The amnesty is reported to cover violence from 15 March 2003
The Central African Republic's parliament has passed an amnesty aimed to allow the conclusion of peace talks between government forces and rebels.
The law covers both rebels and government officials in CAR.
One rebel leader, whose group had earlier rejected the amnesty, was quoted as saying he would have to study the detail of the text.
Meanwhile, another rebel group was reported to have seized control of a village in the north near Sudan.
About 20 armed men from the Forces for the Unification of the Central African Republic (Firca) took over Am Dafok, east of Birao, a police official told AFP news agency.

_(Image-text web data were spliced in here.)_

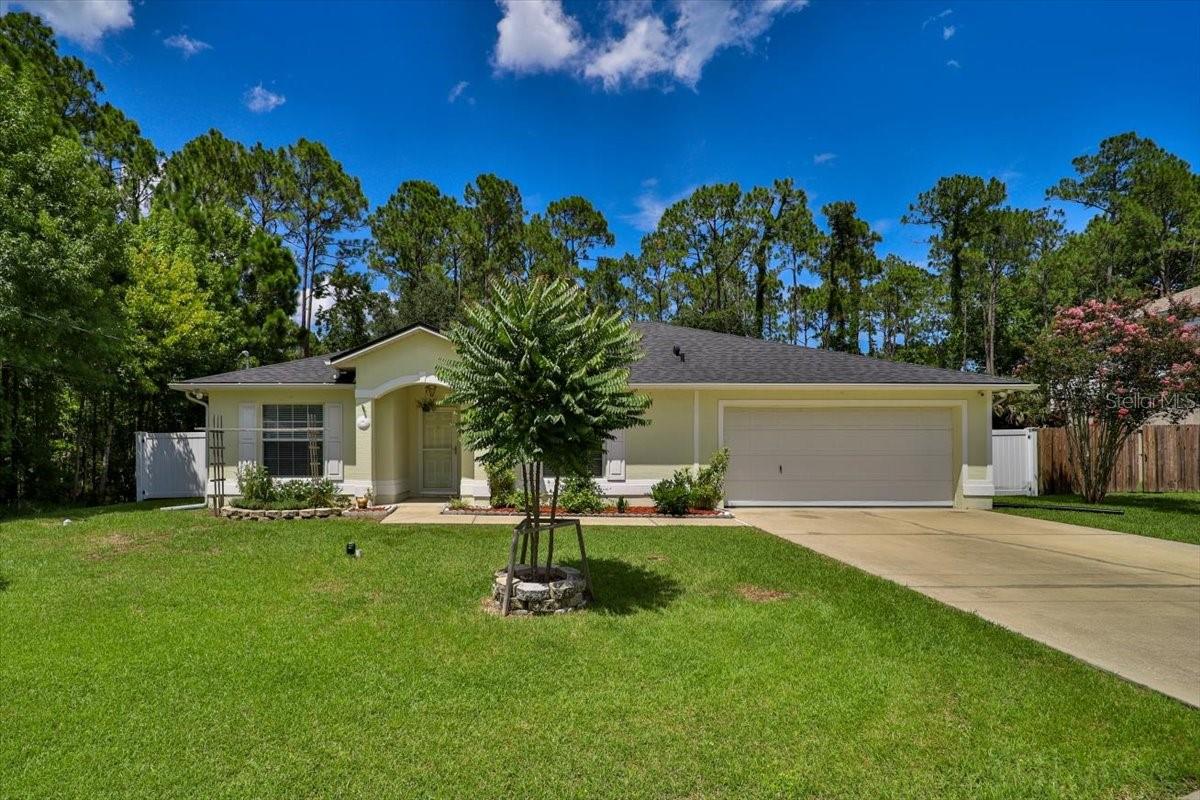 Pony Ln, Palm Coast, FL 32164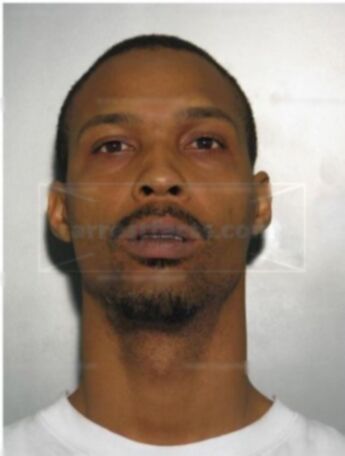 Rashad Antron Johnson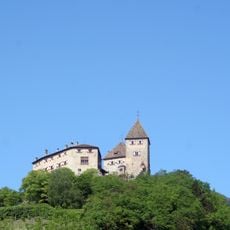 Wehrburg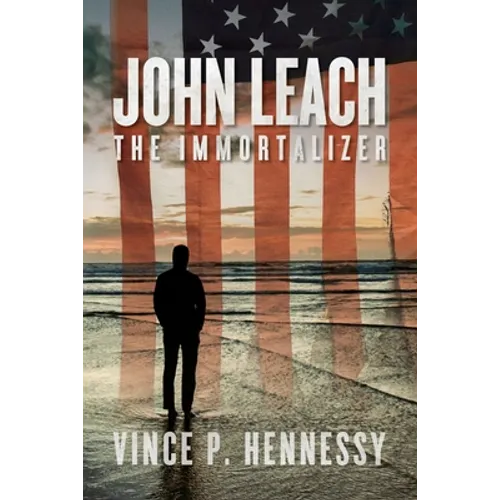 John Leach: The Immortalizer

The Firca splintered from the Union of Democratic Forces for the Rally (UFDR), which signed a peace deal with President Francois Bozize in April 2007.
The APA news agency said the amnesty covered violence from 15 March 2003.
Acts of genocide, crimes against humanity and war crimes would be excluded, it said.
The law calls for an immediate ceasefire and for armed groups to hand in their weapons.
Jean-Jacques Demafouth, the exiled leader of the Popular Army for the Restoration of Democracy (APRD), told AFP he wanted "to see the text in detail before making a decision about it".
The APRD pulled out of peace talks at the beginning of August because of the draft amnesty and other grievances.
The government resumed talks with rebels in Gabon earlier this month.